Quds Press – June 5, 2025 – More than 130 news organizations and press freedom groups have called on Israel to grant international journalists “immediate, independent, and unrestricted” access to Gaza. They also urged full protection for Palestinian journalists working in there with over 200 journalists have been killed by Israeli forces in Gaza over the past 20 months.
At the initiative of Reporters Without Borders (RSF) and the Committee to Protect Journalists (CPJ), more than 130 international news outlets and press freedom groups – including FRANCE 24, RFI and Monte Carlo Doualiya – on Thursday issued a joint appeal, calling Israel’s near-total restrictions on press access to Gaza for 20 months “a situation that is without precedent in modern warfare”.
“Local journalists, those best positioned to tell the truth, face displacement and starvation,” they noted.
To date, 225 Palestinian journalists have been killed by the Israeli forces since the start of the Israeli genocide in October 2023, according to Gaza’s Government Media Office on Thursday.
Many more have been injured and face constant threats to their lives for doing their jobs: bearing witness. “This is a direct attack on press freedom and the right to information,” the letter read.
“At this pivotal moment, with renewed military action and efforts to resume the flow of humanitarian aid into Gaza, it is vital that Israel open Gaza’s borders for international journalists to be able to report freely and that Israel abides by its international obligations to protect journalists as civilians.”
Reporters Without Borders said last month in its World Press Freedom Index 2025 that Israeli forces killed nearly 200 journalists and media workers in the first 18 months of its war in Gaza, at least 42 of whom were killed while doing their job, adding that Palestine has become the world’s most dangerous state for journalists amid the Israeli war.
“Trapped in the enclave, journalists in Gaza have no shelter and lack everything, including food and water,” said the Paris-based group, which is also known by its French acronym RSF.
“In the West Bank, journalists are routinely harassed and attacked by both settlers and Israeli forces, but repression reached new heights with a wave of arrests after 7 October, when impunity for crimes committed against journalists became a new rule.”
Israel’s genocidal war on Gaza has been considered the deadliest for journalists and media workers in the world in 30 years.
The Gaza Media Office said that Israel targeted journalists “in an attempt to suppress the Palestinian narrative and erase the truth.
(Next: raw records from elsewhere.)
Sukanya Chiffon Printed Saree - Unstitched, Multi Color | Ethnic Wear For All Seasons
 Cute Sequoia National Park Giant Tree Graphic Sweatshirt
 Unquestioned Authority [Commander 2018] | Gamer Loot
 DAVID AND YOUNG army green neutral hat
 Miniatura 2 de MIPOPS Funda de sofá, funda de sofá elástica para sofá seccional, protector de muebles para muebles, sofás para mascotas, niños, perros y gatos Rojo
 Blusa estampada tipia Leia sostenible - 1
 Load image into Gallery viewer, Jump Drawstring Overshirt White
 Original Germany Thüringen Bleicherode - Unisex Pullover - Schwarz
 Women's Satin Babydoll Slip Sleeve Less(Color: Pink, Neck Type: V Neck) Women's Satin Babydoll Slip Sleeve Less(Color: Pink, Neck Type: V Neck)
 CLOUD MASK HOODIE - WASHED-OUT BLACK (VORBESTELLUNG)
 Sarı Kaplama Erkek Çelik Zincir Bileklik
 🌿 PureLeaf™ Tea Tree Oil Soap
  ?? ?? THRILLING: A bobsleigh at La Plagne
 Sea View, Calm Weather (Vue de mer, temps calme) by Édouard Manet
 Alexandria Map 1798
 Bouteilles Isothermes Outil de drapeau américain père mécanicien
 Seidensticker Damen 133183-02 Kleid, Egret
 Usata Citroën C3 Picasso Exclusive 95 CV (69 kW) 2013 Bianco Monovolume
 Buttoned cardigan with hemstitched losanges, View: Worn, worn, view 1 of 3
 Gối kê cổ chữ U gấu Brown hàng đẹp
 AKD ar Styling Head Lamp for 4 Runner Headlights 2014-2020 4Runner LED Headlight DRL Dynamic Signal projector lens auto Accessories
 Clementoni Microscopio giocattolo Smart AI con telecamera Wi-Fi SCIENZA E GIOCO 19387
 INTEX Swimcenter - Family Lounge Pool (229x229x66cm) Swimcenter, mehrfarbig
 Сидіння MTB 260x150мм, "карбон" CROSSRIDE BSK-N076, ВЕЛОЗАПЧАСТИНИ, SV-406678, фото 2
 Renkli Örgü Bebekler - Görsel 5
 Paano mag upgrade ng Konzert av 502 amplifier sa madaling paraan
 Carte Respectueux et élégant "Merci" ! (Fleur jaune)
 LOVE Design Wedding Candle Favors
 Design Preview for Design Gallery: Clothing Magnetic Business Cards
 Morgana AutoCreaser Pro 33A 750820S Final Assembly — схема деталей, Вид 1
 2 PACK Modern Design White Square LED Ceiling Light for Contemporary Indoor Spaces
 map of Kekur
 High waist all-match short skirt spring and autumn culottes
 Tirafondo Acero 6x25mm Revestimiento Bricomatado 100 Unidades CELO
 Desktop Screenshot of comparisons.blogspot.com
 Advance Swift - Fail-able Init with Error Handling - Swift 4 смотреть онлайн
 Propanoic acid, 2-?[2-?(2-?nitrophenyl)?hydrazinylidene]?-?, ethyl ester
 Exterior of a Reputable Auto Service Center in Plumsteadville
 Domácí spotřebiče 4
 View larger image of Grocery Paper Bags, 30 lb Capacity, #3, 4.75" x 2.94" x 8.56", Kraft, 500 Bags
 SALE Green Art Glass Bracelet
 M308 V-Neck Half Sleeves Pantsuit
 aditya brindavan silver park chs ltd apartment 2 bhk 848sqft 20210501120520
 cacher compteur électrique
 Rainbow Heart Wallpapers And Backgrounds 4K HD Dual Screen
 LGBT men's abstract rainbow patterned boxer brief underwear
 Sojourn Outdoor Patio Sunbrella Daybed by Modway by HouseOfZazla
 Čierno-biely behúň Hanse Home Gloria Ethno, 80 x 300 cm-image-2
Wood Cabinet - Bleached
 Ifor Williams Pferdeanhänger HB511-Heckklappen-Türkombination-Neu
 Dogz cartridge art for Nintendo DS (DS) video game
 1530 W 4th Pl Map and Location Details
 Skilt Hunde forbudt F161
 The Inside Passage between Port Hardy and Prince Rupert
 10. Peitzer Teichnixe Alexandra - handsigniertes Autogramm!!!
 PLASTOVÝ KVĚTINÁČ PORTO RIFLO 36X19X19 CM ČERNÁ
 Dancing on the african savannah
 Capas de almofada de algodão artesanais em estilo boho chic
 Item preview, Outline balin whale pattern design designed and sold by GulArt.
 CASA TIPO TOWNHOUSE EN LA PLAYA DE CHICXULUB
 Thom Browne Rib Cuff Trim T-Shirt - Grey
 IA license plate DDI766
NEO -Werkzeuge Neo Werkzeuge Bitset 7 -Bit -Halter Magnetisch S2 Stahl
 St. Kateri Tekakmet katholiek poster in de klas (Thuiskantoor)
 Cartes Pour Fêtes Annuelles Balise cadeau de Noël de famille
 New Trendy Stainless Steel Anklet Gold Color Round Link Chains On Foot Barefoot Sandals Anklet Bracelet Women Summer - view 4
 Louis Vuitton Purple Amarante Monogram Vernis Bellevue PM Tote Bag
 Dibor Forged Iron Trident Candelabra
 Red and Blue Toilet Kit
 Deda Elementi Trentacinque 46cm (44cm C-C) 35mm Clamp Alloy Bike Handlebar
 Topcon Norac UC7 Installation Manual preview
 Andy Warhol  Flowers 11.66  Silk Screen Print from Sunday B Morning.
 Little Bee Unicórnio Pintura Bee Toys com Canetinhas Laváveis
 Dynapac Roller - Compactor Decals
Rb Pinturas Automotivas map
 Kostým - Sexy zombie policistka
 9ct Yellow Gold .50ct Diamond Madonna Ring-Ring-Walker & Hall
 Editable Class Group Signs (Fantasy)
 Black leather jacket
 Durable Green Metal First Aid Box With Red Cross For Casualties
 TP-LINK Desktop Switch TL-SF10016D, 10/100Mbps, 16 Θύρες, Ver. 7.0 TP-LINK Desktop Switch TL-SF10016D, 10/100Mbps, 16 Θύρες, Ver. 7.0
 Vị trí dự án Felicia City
However, the occupation failed to break the will of our great people.”
Israel’s assault on Gaza has been the “worst ever conflict” for journalists, according to a recent report by the Watson Institute for International and Public Affairs.
The report, titled News Graveyards: How Dangers to War Reporters Endanger the World, said the Israeli assault on the Gaza Strip had “killed more journalists than the US Civil War, World Wars I and II, the Korean War, the Vietnam War (including the conflicts in Cambodia and Laos), the wars in Yugoslavia in the 1990s and 2000s, and the post-9/11 war in Afghanistan, combined”.
“In 2023, a journalist or media worker was, on average, killed or murdered every four days. In 2024, it was once every three days,” said the report.
“Most reporters harmed or killed, as is the case in Gaza, are local journalists.”
The Center for Protecting Palestinian Journalists (PJPS) said that the killing of journalists is part of a series of human rights violations committed by the Israeli occupation.
The Committee to Protect Journalists (CPJ) chief Jodie Ginsberg said in a statement, “The war in Gaza is unprecedented in its impact on journalists and demonstrates a major deterioration in global norms on protecting journalists in conflict zones, but it is far from the only place journalists are in danger.”
The advocacy group also accused Israel of attempting to stifle investigations into the killings, shift blame onto journalists for their own deaths, and ignoring its duty to hold its own military personnel accountable for the killings of so many media workers.
In a recent report, the International Federation of Journalists (IFJ) described 2024 as “one of the worst years” for media professionals. It condemned the “massacre taking place in Palestine before the eyes of the entire world.”